=== WHAT YOU WILL DO ===
When you reach the line in the data below that contains "424 6th Ave", please start repeating lines exactly, and stop after the line that contains "AT&T CL82353 DECT", repeating nothing else.
-- -- --
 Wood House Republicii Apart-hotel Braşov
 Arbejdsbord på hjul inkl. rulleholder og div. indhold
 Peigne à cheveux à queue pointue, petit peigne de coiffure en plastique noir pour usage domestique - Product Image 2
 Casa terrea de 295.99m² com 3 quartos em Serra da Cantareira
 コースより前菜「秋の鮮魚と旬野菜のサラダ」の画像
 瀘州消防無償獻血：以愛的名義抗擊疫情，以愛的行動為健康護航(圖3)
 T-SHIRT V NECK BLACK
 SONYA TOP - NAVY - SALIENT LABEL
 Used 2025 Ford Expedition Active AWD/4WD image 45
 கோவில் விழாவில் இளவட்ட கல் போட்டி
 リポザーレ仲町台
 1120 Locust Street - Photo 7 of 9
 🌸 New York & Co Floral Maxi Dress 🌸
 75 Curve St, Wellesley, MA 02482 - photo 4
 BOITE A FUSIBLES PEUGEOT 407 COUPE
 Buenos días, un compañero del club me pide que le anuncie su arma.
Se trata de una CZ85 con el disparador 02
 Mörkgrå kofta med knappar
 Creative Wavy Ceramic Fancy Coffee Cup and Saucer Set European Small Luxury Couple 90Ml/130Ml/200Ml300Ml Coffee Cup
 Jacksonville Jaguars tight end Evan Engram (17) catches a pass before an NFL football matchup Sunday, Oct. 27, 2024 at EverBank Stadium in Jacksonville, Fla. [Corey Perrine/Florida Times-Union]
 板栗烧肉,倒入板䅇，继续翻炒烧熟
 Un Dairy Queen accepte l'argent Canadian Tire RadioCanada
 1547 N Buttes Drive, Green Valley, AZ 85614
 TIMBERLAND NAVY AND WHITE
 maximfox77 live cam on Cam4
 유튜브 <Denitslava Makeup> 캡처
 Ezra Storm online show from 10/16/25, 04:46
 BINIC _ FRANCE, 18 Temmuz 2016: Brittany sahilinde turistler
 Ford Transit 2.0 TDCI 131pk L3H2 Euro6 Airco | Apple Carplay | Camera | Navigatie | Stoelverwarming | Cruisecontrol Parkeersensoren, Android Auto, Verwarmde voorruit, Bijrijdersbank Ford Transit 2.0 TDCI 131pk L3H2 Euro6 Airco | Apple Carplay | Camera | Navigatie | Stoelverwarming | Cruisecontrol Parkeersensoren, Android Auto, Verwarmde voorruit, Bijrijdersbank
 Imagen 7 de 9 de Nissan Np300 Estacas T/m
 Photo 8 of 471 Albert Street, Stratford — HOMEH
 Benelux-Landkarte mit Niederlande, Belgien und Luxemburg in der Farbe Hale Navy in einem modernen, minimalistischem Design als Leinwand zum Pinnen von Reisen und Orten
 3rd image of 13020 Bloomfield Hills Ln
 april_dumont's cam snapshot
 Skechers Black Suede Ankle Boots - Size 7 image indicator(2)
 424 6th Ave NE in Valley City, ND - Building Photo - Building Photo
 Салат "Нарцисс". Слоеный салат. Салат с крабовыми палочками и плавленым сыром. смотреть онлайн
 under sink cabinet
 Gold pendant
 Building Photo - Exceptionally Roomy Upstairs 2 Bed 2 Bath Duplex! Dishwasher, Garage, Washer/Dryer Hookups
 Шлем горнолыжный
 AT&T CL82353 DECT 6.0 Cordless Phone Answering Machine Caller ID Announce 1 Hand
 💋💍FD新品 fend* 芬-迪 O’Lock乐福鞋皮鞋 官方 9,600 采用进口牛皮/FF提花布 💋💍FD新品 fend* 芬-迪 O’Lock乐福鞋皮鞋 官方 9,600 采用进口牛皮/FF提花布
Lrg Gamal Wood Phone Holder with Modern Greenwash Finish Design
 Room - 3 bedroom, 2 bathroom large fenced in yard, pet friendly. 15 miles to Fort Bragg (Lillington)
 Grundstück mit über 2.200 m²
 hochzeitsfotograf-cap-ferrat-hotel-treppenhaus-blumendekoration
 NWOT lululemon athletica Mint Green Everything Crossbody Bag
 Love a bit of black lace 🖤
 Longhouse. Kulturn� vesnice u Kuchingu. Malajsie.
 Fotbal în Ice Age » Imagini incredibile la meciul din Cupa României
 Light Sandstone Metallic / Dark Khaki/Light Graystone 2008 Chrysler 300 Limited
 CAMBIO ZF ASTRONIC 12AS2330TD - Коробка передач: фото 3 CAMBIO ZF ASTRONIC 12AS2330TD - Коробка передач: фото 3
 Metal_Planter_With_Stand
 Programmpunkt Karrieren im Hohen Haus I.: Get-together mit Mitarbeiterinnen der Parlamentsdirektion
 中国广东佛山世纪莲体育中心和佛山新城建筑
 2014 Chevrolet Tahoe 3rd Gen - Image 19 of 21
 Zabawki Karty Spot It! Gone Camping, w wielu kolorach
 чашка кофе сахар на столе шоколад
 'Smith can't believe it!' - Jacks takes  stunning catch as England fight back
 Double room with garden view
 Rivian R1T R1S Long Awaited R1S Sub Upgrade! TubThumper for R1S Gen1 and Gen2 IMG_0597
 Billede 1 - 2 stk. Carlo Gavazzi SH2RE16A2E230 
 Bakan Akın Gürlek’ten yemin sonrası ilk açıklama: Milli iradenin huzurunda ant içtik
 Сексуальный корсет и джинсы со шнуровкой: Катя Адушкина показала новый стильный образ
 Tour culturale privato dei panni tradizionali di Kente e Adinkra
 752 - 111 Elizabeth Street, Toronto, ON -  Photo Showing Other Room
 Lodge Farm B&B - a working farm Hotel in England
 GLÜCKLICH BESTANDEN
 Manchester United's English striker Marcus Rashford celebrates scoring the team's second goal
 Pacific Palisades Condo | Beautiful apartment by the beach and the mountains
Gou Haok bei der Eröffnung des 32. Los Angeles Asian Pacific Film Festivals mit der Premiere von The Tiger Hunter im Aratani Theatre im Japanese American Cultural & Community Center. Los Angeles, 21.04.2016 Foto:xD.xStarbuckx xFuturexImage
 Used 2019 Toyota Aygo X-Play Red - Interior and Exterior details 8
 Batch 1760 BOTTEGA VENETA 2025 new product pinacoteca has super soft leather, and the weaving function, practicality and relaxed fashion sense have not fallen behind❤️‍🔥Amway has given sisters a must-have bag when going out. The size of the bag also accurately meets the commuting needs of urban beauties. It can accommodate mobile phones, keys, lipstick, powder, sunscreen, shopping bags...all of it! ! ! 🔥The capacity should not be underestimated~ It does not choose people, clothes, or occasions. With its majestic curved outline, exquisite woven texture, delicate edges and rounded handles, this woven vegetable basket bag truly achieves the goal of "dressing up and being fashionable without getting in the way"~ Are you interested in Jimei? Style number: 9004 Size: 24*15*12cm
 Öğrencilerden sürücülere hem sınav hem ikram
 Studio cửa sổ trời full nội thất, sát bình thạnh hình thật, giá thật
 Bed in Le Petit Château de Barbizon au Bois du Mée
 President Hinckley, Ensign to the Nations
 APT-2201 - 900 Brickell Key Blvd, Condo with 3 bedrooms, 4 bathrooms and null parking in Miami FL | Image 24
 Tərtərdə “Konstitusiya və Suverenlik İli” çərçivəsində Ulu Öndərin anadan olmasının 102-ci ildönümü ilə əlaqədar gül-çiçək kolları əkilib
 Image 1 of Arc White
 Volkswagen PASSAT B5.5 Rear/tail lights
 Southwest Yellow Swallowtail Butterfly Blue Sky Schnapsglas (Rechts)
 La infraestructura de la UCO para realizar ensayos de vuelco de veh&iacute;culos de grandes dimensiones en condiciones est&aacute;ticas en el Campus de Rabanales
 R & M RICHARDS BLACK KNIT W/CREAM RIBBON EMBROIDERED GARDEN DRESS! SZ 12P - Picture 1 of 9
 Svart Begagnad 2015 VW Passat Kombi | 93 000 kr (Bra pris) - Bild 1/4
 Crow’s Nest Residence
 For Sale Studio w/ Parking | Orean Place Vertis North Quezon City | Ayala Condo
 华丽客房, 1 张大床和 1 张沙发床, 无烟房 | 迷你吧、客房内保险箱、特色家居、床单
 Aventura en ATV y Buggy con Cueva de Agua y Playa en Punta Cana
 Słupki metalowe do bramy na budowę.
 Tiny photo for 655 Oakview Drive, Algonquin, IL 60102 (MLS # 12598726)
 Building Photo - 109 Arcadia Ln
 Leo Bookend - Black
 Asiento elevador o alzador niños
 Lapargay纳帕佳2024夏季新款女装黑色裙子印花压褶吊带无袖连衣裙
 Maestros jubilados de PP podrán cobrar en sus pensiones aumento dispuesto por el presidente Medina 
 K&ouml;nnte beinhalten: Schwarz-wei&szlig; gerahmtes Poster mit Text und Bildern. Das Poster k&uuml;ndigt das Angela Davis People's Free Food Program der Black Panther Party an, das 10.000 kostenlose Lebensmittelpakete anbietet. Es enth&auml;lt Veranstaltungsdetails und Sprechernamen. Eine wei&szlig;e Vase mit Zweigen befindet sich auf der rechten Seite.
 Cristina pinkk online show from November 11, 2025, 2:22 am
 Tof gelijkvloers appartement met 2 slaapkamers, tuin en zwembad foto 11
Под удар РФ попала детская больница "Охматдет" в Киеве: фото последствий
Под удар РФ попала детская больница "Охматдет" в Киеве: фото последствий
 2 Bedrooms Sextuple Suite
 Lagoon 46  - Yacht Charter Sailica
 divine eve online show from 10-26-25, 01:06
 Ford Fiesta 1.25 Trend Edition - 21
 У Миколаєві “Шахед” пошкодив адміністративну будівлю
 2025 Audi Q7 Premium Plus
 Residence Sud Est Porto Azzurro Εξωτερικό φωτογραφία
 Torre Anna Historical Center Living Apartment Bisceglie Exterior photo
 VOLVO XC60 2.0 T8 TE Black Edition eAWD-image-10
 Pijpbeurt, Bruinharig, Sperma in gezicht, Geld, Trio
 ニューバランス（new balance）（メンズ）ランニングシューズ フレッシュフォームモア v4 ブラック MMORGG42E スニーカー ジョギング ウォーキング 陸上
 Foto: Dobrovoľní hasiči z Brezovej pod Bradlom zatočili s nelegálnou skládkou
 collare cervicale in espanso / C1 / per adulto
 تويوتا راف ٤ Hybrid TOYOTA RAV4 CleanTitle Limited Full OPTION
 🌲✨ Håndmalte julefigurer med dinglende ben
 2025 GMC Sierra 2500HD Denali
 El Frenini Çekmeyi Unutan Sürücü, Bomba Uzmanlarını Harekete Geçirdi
-- -- --
=== FINISHED EXERCISE ===
 424 6th Ave NE in Valley City, ND - Building Photo - Building Photo
 Салат "Нарцисс". Слоеный салат. Салат с крабовыми палочками и плавленым сыром. смотреть онлайн
 under sink cabinet
 Gold pendant
 Building Photo - Exceptionally Roomy Upstairs 2 Bed 2 Bath Duplex! Dishwasher, Garage, Washer/Dryer Hookups
 Шлем горнолыжный
 AT&T CL82353 DECT 6.0 Cordless Phone Answering Machine Caller ID Announce 1 Hand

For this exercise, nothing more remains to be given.